Supporters suggested the Biden administration provide $40 billion for the Los Angeles-to-San Francisco bullet train, enough theoretically to bore tunnels through three mountain chains that separate the state, but the proposal went nowhere, according to individuals with knowledge of the talks. Kelly said through a spokeswoman that he did not make such a proposal.
Indeed, the bullet train faces a tough fight even securing a legislative appropriation of $4.1 billion in its own bond funds it is seeking this year for its Central Valley construction plan. The California Assembly overwhelmingly passed a resolution last year that would block some of the planned spending in the Central Valley as a prelude to shifting money to Bay Area and Southern California segments of the project.

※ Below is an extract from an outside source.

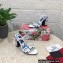 Dolce & Gabbana Heel 10.5cm Blue Printed Floral Sandals White 2023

Support in the House transportation committee is uncertain. Committee Democrats Alan Lowenthal (D-Long Beach) and Marc DeSaulnier (D-Concord) both cast votes as California senators against appropriating money to the bullet train in 2012, against the wishes of former Gov. Jerry Brown. Republican Doug LaMalfa (R-Richvale) is a longtime critic. Newly elected Republican Michelle Steel from Orange County recently introduced legislation that would block any new federal funding for the project.
The shaky outlook has cleared the way for other agencies with proposals that they say can deliver benefits sooner and to more people.
Metrolink Chief Executive Stephanie Wiggins has a $10-billion program to upgrade its passenger rail service through 75 different projects across six counties — all before the 2028 Olympics. So far, the agency has secured $2 billion in funding, leaving a big gap that the Biden program could help fill. Wiggins notes the federal government has always funded transportation and other infrastructure programs in Olympic host cities. Her target for funding from the Biden plan is $3 billion to $4 billion.
Among the most important ideas is to build an electrified high-speed line between Burbank and Anaheim, using battery- or fuel cell-powered locomotives. The plan would relieve traffic on the busy I-5, reduce pollution and drive up ridership through better service. The line would eventually be part of the bullet train system, but Wiggins said Southern California can’t wait a generation for it to get built by the state.
Hasan Ikhrata, executive director of the San Diego Assn. of Governments, wants Biden’s help to electrify the Los Angeles-to-San Diego passenger rail system. He also wants to smooth out curves, so it could operate at 110 miles per hour and cut travel time between the state’s two largest cities to two hours from the current three and a half. It would also include a 1-mile tunnel to relocate track on an ocean bluff that is in danger of collapsing.
“The corridor is already the second-busiest in the nation after the Northeast,” Ikhrata said. “Why not invest in that for a high-speed system?”
The plan would cost $2 billion to $3 billion, he said, and “we could deliver before the end of the Biden administration.”
Transportation officials in San Bernardino County have plans to relieve clogged highways.
The county is planning to extend the MetroLink line by 9 miles to Redlands and acquire new low-emission locomotives, said Carrie Schindler, San Bernardino County Transportation Authority’s rail and transit director. One of those would be a new hydrogen fuel cell powered unit from Switzerland. The program cost is estimated at $360 million.
A county partnership with Brightline, which is still planning to build a $5-billion, Las Vegas-to-Apple Valley high-speed train, would extend that system to Rancho Cucamonga, creating a Los Angeles Basin link to the gambling mecca. The extension project is in its infancy, and the cost of the link is largely unknown.